La situación, pero, no es ni mucho menos imputable a la sola debilidad de los jóvenes. Más bien, se trata de un factor que la exacerba y que se combina con otros factores importantes como la atrofia cognitiva derivada de la digitalización del mundo o el fracaso del sistema educativo. De la misma manera, no es menos cierto que los jóvenes se encuentran con una sociedad objetivamente disfuncional en lo que hace a mercado laboral y a mercado inmobiliario.
Esto explica que muchos jóvenes pospongan la incorporación a la vida, que ‘de facto’ es algo idéntico a alargar la fase estudiantil anterior. Nos referimos a viajar, a estudiar una segunda carrera y esta clase de opciones.
¿Y los psicólogos?
Al contrario de lo que yo mismo pensaba, los psicólogos no son un parásito en forma de especie invasora. Sin perjuicio, claro, de que tengan dinámicas parasitarias, económicas fundamentalmente. El algodón no engaña: el mercado ya ha desplegado toda su lógica en forma de libros de autoayuda, de formatos virtuales para facilitar el consumo de terapia, de publicidad de estos servicios, de contenidos psicológicos en redes sociales, etc.
Como es natural, estas circunstancias promueven un envoltorio ideológico, que no es otro que la “normalización de la psicología”. De un tiempo a esta parte, funciona a pleno rendimiento el discurso de que todos deberíamos acudir a terapia, de que todos nos encontramos mal en algún momento, de que no es malo pedir ayuda, etc. Pero lo cierto es que esta ideología no se sale del plano de sus condiciones materiales y de la sociedad que las acoge. La prueba está a la vista.

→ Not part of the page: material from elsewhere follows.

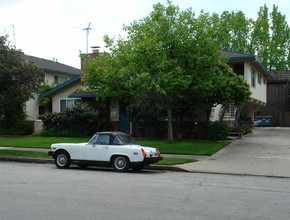 1002-1010 W Iowa Ave in Sunnyvale, CA - Building Photo - Building Photo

Y es que, paralelo a este auge de la psicología, el aumento de las enfermedades mentales, del discomfort psíquico, del malestar existencial entre los jóvenes y de otros indicadores como el suicidio se muestra imparable. Ante esto, la normalización de la psicología se revela como un fenómeno ajeno en realidad al problema y quién sabe si perjudicial dada la estimulación narcisista que promueve. Como dice Javier Gomá, es importante “driblar” al yo.
Los psicólogos, pues, no son parásitos. Son más bien otra de las formas en las que la sociedad se intenta autoestabilizar, aunque sea agónicamente y para ganar tiempo.
Dentro de la estructura que hemos descrito, los psicólogos servirían para captar a todos aquellos individuos que no transitan correctamente entre las fases. El problema viene cuando este intento de estabilización es impotente y se convierte en un coágulo perjudicial en sí mismo.
En tal caso, la psicología deviene una ideología y pierde la función original que desempeñan los verdaderos psicólogos clínicos. Es decir, capacitar a una persona que sufre un disturbio psíquico objetivo (estrés postraumático, gestión del dolor crónico, enfermedades neurológicas, etc.) para no salirse de la maquinaria social.
La psicología como ideología, en cambio, sintetiza algunas de las dinámicas más patéticas de nuestra sociedad. Y lo hace de un modo sustitutivo y compensatorio. Es, en fin, un mal síntoma.